▶ [Exercise] Restate the listing below word for word; no pictures belong in the copy.

Start of Data supplied

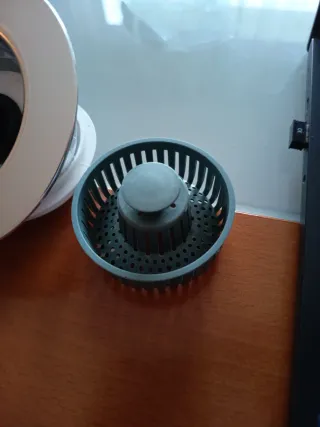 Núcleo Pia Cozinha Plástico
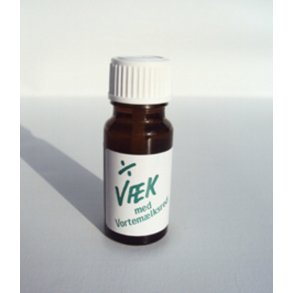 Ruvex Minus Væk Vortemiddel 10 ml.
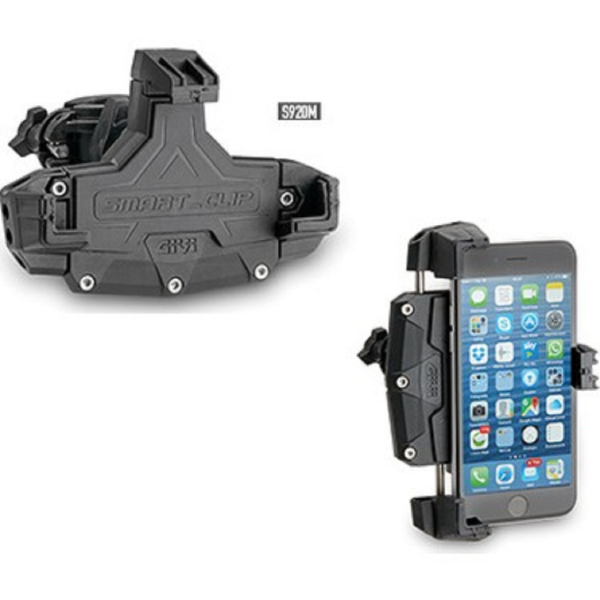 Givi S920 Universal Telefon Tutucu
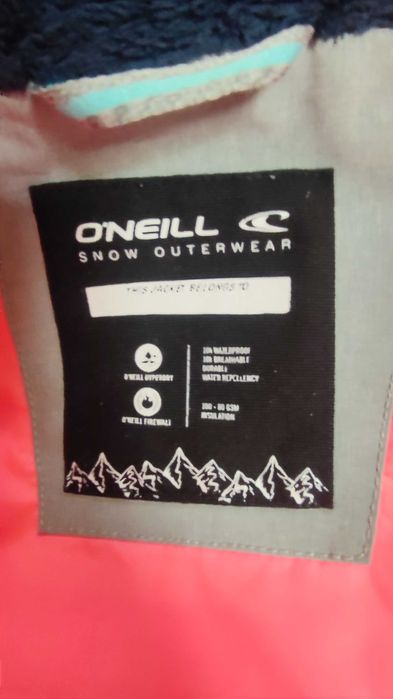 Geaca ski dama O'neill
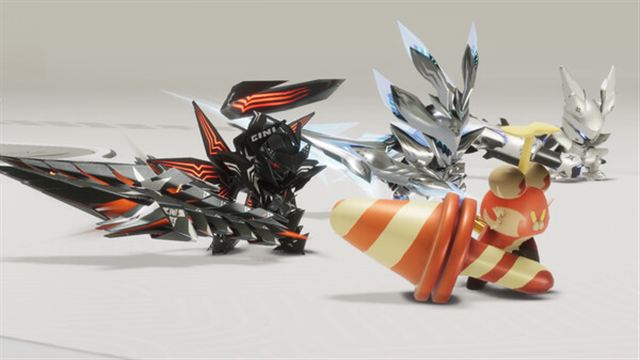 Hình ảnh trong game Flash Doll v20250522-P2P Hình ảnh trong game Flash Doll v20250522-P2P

End of Data supplied

▶ [Exercise result]
 Núcleo Pia Cozinha Plástico
 Ruvex Minus Væk Vortemiddel 10 ml.
 Givi S920 Universal Telefon Tutucu
 Geaca ski dama O'neill
 Hình ảnh trong game Flash Doll v20250522-P2P Hình ảnh trong game Flash Doll v20250522-P2P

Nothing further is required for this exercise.